Nunca a frase do físico alemão Georg Lichtenberg fez tanto sentido quando agora, em Roraima: “Quando os que comandam perdem a vergonha, os que obedecem perdem o respeito”. No mesmo momento que as manchetes chamam a atenção para os grandes escândalos, uma notícia surge no meio da balbúrdia: a Secretaria Estadual de Educação (Seed) realizou ontem uma operação que flagrou servidores do setor de transporte desviando alimentos da merenda escolar em Boa Vista.
A notícia dessa operação circulou no mesmo momento em que ainda desenrolava o caso do recém-exonerado controlador-geral do Estado, Regys Freitas, que já vinha sendo investigado desde quando era reitor da Universidade Estadual de Roraima (UERR) e foi alvo de uma operação da Polícia Federal em 2023. Na terça-feira, 8, a operação teve sequência na investigação de superfaturamento de serviços e direcionamento de licitações na UERR que chegam a R$108 milhões.
Na operação desencadeada pela Seed, o motorista e seu ajudante foram flagrados desviando 200Kg de alimentos destinados às escolas públicas, sendo oito caixas de frango e cinco caixas de carne bovina. Presos em flagrante, com certeza perderão seus empregos após processo legal, sob discurso do titular da secretaria que falou sobre “compromisso com uma educação livre de corrupção”.
CONTINUA DEPOIS DA PUBLICIDADE
Obviamente que se trata de um ato reprovável e que precisa ser punido. No entanto, o mesmo empenho e o mesmo rigor não ocorrem quando os escândalos vêm lá de cima, em que os envolvidos, se forem autoridades, são exonerados, mas reconduzidos para um novo cargo no alto escalão governamental. O ex-reitor da UERR é um exemplo clássico, enquanto a própria Seed é cercada de casos cabeludos. Aos fatos!

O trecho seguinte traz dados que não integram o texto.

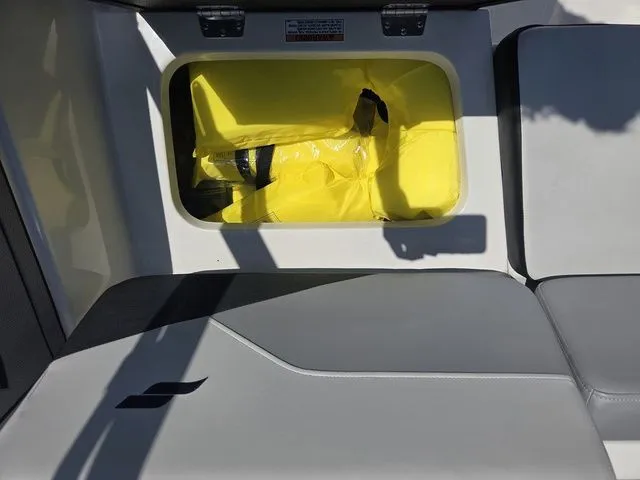 Slide: The Image of Storage compartment in Starcraft 2025 SV 16 OB boat with yellow bag. - 29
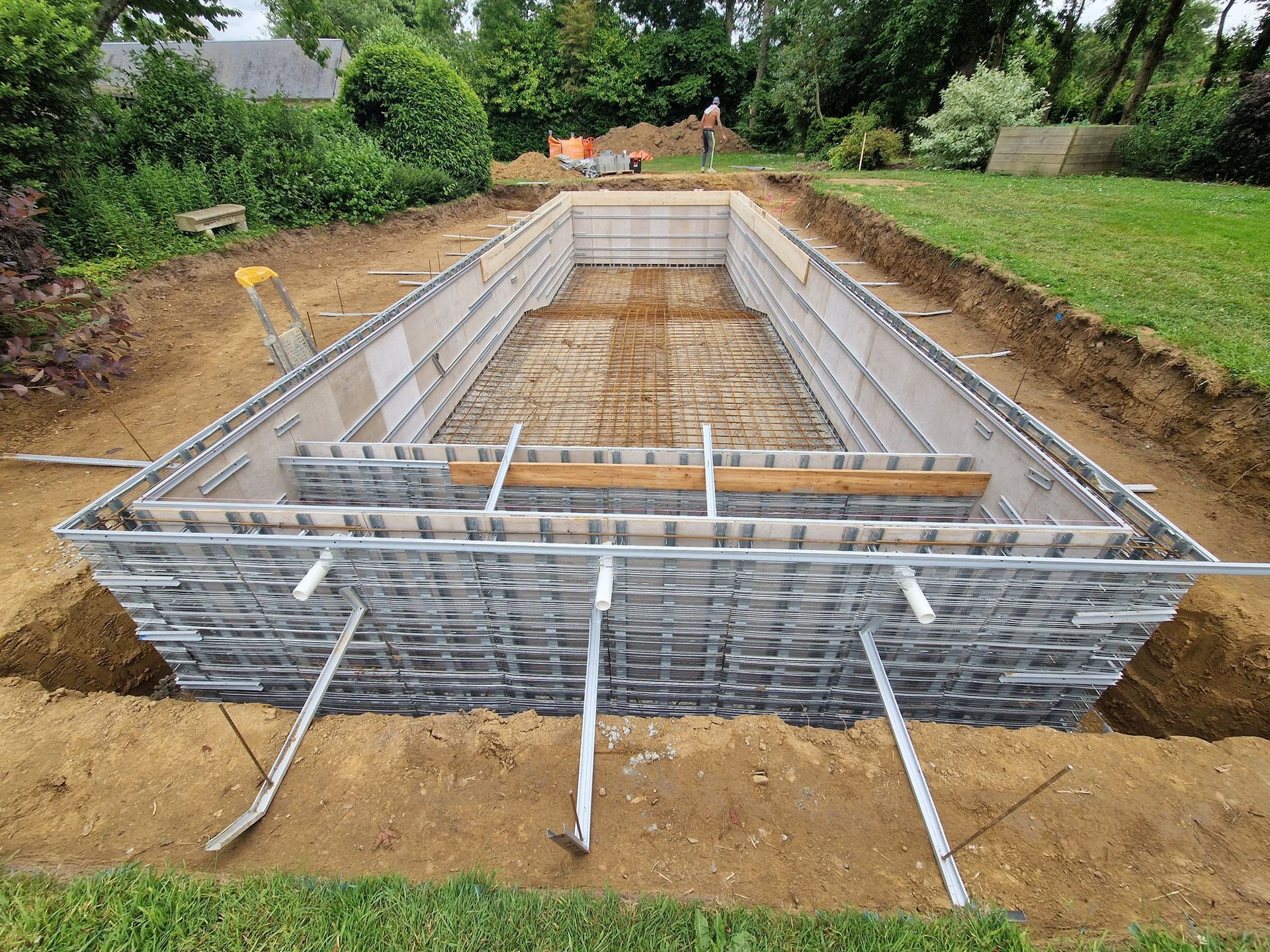 Construction of a rectangular in-ground pool, with concrete frame and rebar in a backyard.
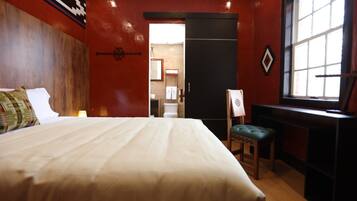 Habitación de hotel con una cama grande, un escritorio, una silla y un ventanal.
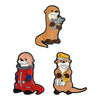 A set of enamel pins featuring cartoon characters, including a monkey with a gun and a cat wearing a uniform.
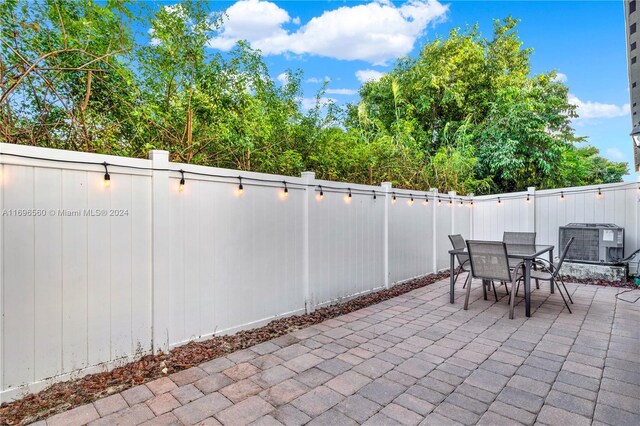 1707 SE 9th Ter, Homestead, FL 33034 - fenced backyard featuring a patio area, central AC unit, and outdoor dining space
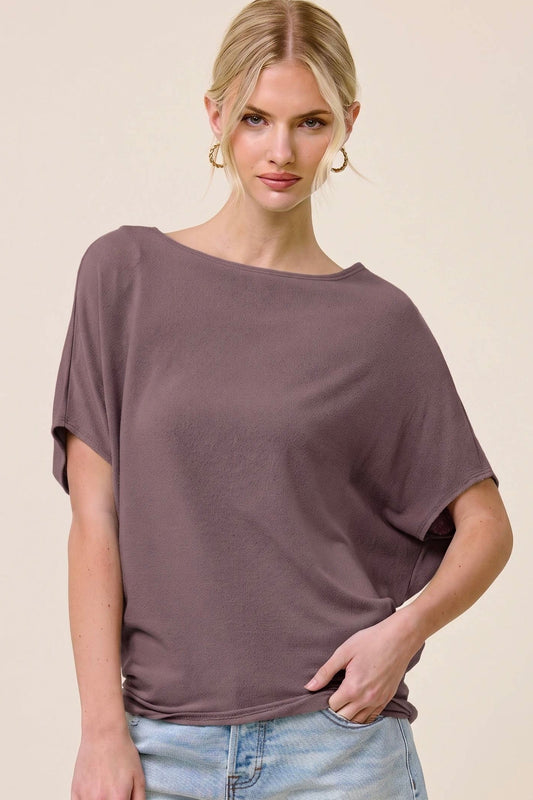 A woman modeling a loose, short-sleeve boat-neck top in a muted mauve-purple color, paired with light-wash denim shorts, against a solid beige studio background.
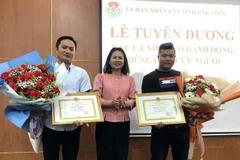 Bà Nguyễn Thị Thu Hường, Giám đốc Sở Nội vụ Đắk Nông trao Bằng khen cho 2 thanh niên dũng cảm cứu người. (Ảnh: TTXVN phát)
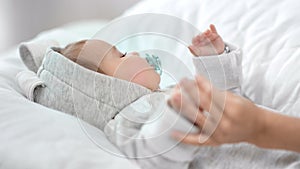 Carefree little baby with nipple sleeping on white bed during mother hand caress his arm close-up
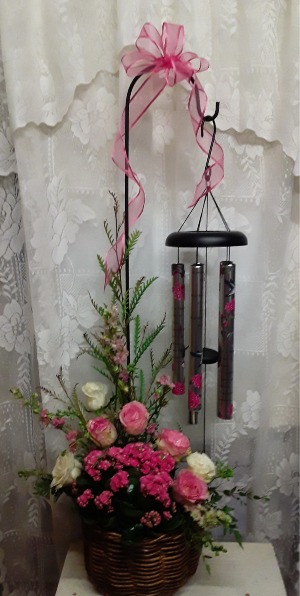 wind chimes in the garden Plant basket with fresh roses, wind chime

Para não fugir do tema “merenda escolar”, é importante retroagir a dezembro de 2018, quando a PF prendeu um ex-secretário adjunto da Seed, que já estava como adjunto da Secretaria Extraordinária de Gabinete Institucional (Segabi) e outros três, inclusive um empresário, acusados de formar uma quadrilha que desviou recursos da merenda escolar. Durante a ação, os policiais encontraram comida vencida e até ossos sendo servidos no lugar de carne aos estudantes da rede pública.
Os acusados emitiam atestados falsos sobre o recebimento de alimentos comprados pelo Estado e entregavam apenas uma parte, tendo 30% dos produtos desviados. O esquema ocorria desde 2016, mas somente em 2018 a estimativa era de um desvio que chegava a pelo menos R$5 milhões envolvendo cinco empresas. Até hoje não se ouviu mais falar sobre isso.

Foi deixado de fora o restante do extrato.